Item 3. Source and Amount of Funds or Other Consideration.
To the extent that CERBCO and CERBERONICS make any purchases
contemplated by this Amendment No. 3, such purchases will be effected using the
working capital of CERBERONICS and/or CERBCO.
Item 4. Purpose of Transaction.
On February 16, 1999, Insituform Technologies, Inc. ("ITI"), by letter
to the Issuer, proposed to acquire all of the outstanding shares of the Issuer
for $2.50 per share in cash (the "Offer"). On the same day, ITI published its
letter in a press release. On March 2, 1999, ITI, by letter to the Issuer (i)
reiterated its Offer, (ii) requested that the Issuer respond to its Offer by
March 10, 1999, and (iii) notified the Issuer that if it either did not respond
or provided a negative response by that date, ITI would "proceed on a course
designed to protect its shareholder's value by whatever means it deems
appropriate." On the same day, ITI published its letter in a press release.
The Issuer, by letter dated March 10, 1999, confirmed receipt of ITI's
letters dated February 16, 1999 and March 2, 1999 and notified ITI that ITI's
letters had been referred to the Issuer's board of directors for review. The
Issuer further notified ITI that it would respond substantively to ITI's Offer
after its board of directors had the opportunity to review carefully the
proposal. On the same day, by letter to the Issuer, which was also publicly
disseminated in a press release, ITI acknowledged receipt of the Issuer's letter
and notified the Issuer that ITI was nonetheless withdrawing its Offer.
The Issuer, through its wholly-owned subsidiary Insitu, Inc.
("Insitu"), is a party to a partnership agreement (the "Partnership Agreement")
dated December 23, 1985, as amended, by and among Insitu (successor-in-interest
to the Issuer), ITI (successor-in-interest to E-Midsouth, Inc., as
successor-in-interest to Insituform Southeast, Inc.), and Insituform Southwest,
Inc. (formerly Insituform California, Inc., successor-in-interest to Insituform
Midsouth Investments, Inc.) ("Southwest" together with ITI and the Issuer, the
"Midsouth Partners").

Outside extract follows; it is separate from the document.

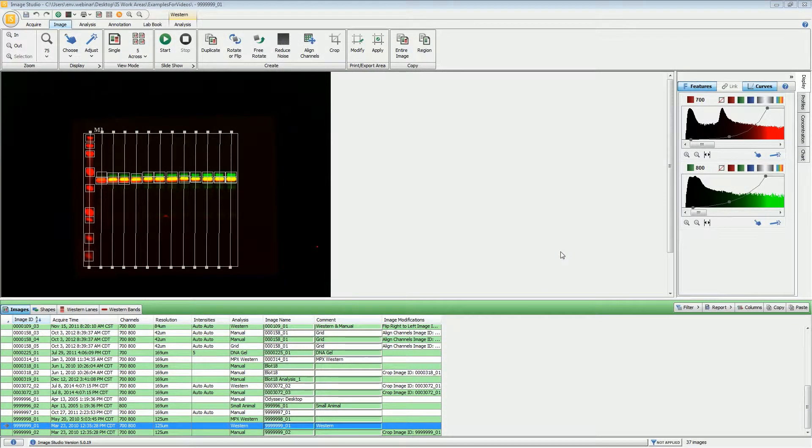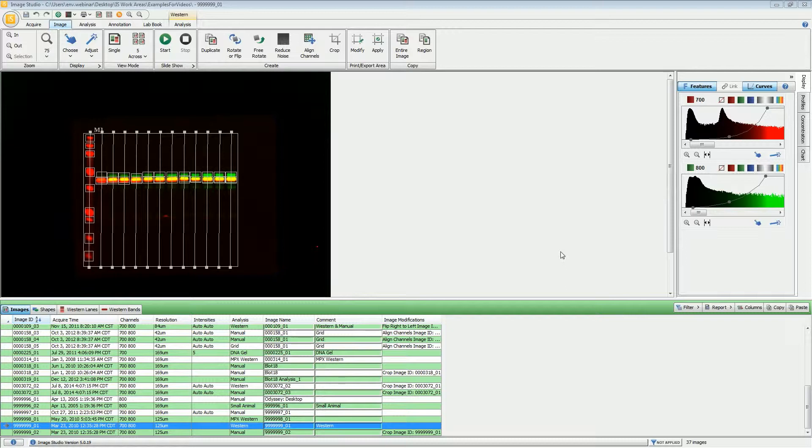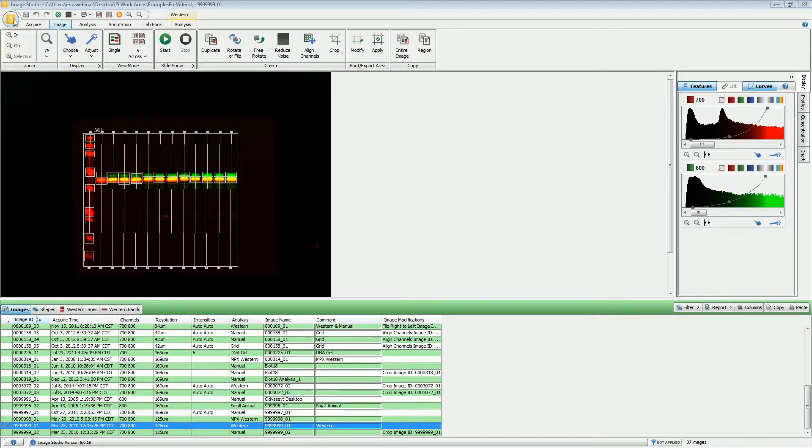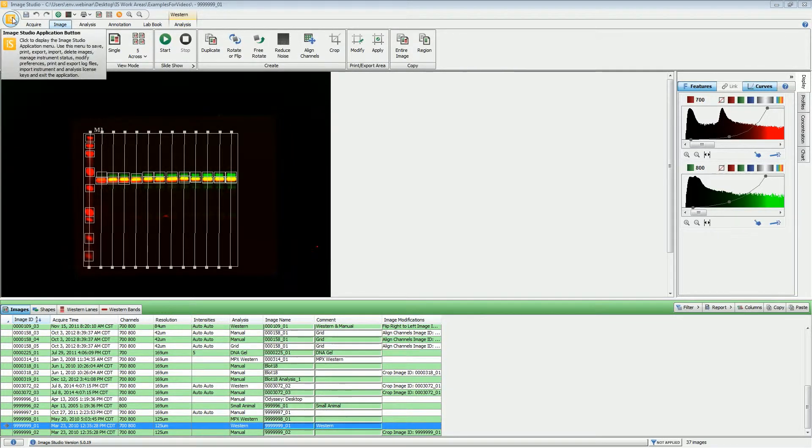In this video, we'll be discussing your options for exporting images from Image Studio. If you want to export the image that you currently have available, the first thing you do is come up to the Image Studio application button in the upper left-hand corner and choose Export.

Under a sub-license agreement, dated December 2, 1985 (the
"Midsouth Sub-License Agreement"), Midsouth Partners has the exclusive
sub-license for the use of the Insituform(R) Process in the territory covering
Tennessee and portions of Mississippi and Kentucky (the "Midsouth Territory").
Insitu has a 42.5% interest in Midsouth Partners, but as a result of a 1996
arbitration award in favor of Insitu, it has the right under the Partnership
Agreement to appoint a majority of the members of the management committee of
Midsouth Partners.
On March 11, 1999, the day after ITI withdrew its Offer, Southwest, a
subsidiary of ITI, advised Insitu and ITI that it was terminating the
Partnership Agreement. On the same day ITI advised Midsouth Partners that,
effective immediately, it was terminating the Midsouth Sub-License Agreement. On
March 11, 1999, ITI also filed a declaratory action in the Chancery Court of
Delaware seeking confirmation of ITI's ability to terminate the Midsouth
Sub-License Agreement (the "Declaratory Judgment Action").
By letter dated March 11, 1999, ITI notified the Issuer of its letter
to Midsouth Partners and its intention to terminate the Midsouth Partnership
Agreement and the Midsouth Sub-License Agreement. In the same letter, ITI
apprised the Issuer that it intended, during the pendency of its Declaratory
Judgment Action, to bid upon and undertake projects in the Midsouth Territory,
under its own name or through other means.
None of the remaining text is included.